過去に受けたこころの傷などのトラウマが、いまの自分の苦悩につながっていることがあります。例えば、トラウマがあると「あのときのつらい気持ちを二度と経験しないように」という防御反応から、がんばり過ぎたり、こだわりにとらわれたり、本当にやりたいことができなくなったりします。トラウマを癒す方法のひとつとしては、以前紹介した「あのときは辛かったね、辛いのによくがんばったね、がんばった私ってえらいね」という言葉があります。それらを繰り返し唱えることで、自分自身に寄り添うことができます。過去のトラウマの経験をねぎらい、自分で自分を思い切り褒めてあげましょう。
この言葉はインナーチャイルド(過去に傷ついた自分のこころ)を癒やす言葉になっています。実践すると気づくのですが、この癒やしでトラウマが解消したと思っても、別のこころの傷が浮かび上がってくることがあります。一つ消してもまた一つと次々と浮かび上がり、キリがありません。僕自身の経験では、大きなトラウマがいくつか解消することで、そこそこの満足感が得られました。そして、なにか苦悩が出てきたら、そのときにトラウマを解消すればいいやという自信がついてきます。
トラウマの解消を続けていて気づいたのですが、私たちはみんなこころが傷だらけで、日々傷つき続けていることです。子どものころは辛いことがあれば泣くことができましたが、大人になるとそれができません。みんな我慢していることだからと傷に気づかないふりをしたり、別の強い刺激(ギャンブルやアルコールに依存、甘いものや辛いものなど刺激のある食べ物を好む、自虐や他害など)によって傷を誤魔化すことで、なんとか日々を過ごしています。
しかし、そのために失ってしまったものがあります。ふわっふわでやわらかい優しいこころや、小さなことで感動できる気持ちです。ユーミンの『やさしさに包まれたなら』という曲はまさにこのことを表現しています。静かな木洩れ日や、雨上がりのクチナシの香りに感動できる、子どもの豊かな感性を歌っています。大人になってしまった私たちのこころにも、このふわっふわのこころが奥底に存在しています。ふわっふわで傷つきやすいので、この大切なこころを傷つけないように、強がってみたり、だれにも文句を言わせないように努力してみたり、もうどうにでもなれと自暴自棄になってみたり、どうせうまくいかないとひねくれてみたりしてしまいます。そんなことをしている間に、ふわっふわのこころでこの世界を感じることを忘れてしまいました。
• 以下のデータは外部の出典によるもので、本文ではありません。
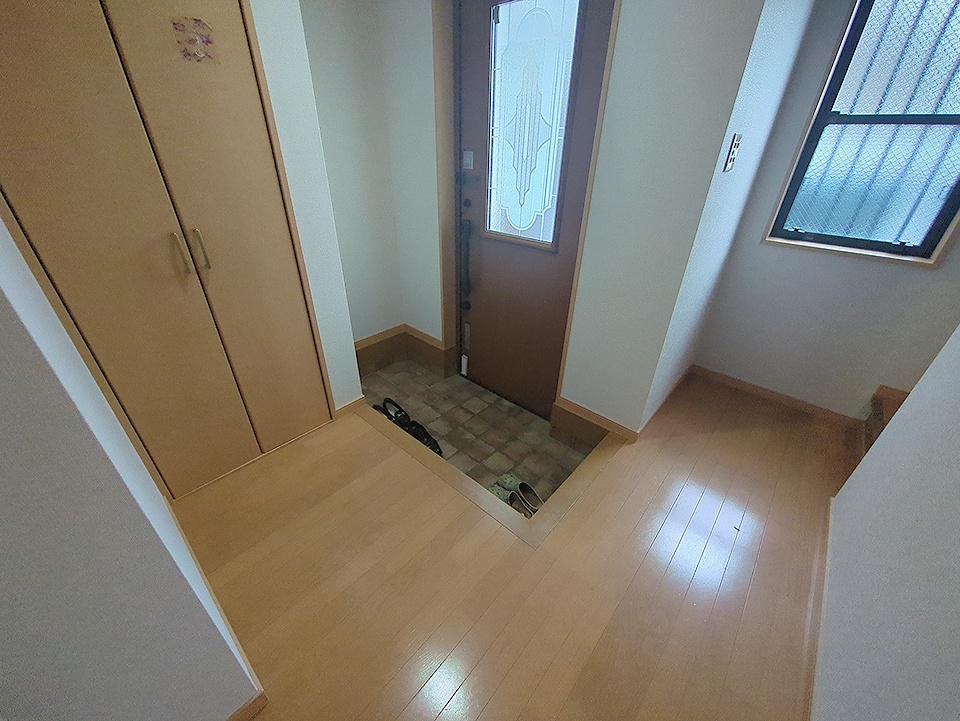 玄関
感受性に蓋をしてしまったのです。前号で紹介したネガティブを全部出し切る方法は、ふわっふわのこころを取り戻すとても良い方法です。また読み直してみてください。
過去のこころの傷を癒やすことも大切ですが、今、まさに傷ついているこころに気づいてあげることも大切です。自分のこころの奥にある、ふわっふわのこころに「今どんな気分?」と、何度も尋ねてみましょう。もしなにか応えのようなものを感じたら「そうだよね、わかるよ」と優しく応えてあげましょう。それがネガティブな内容であっても「そう思ってしまうよね」と同意してあげましょう。このワークはホ・オポノポノ(伝統的なハワイのヒーリング法で、こころの浄化を目的とした祈りのようなもの)に通じていると思っています。ホ・オポノポノでは常に「ありがとう、ごめんなさい、ゆるしてください、あいしています」と唱えて自分自身をクリーニングし続けることを勧めています。インナーチャイルドに対して、いつもこころの傷に気づかないふりをしてごめんなさい、ゆるしてくださいと言って、閉ざしたこころを少しずつ開けましょう。ふわっふわの「優しさに包まれたら、目に映るすべてのことが宇宙からのメッセージ」になります。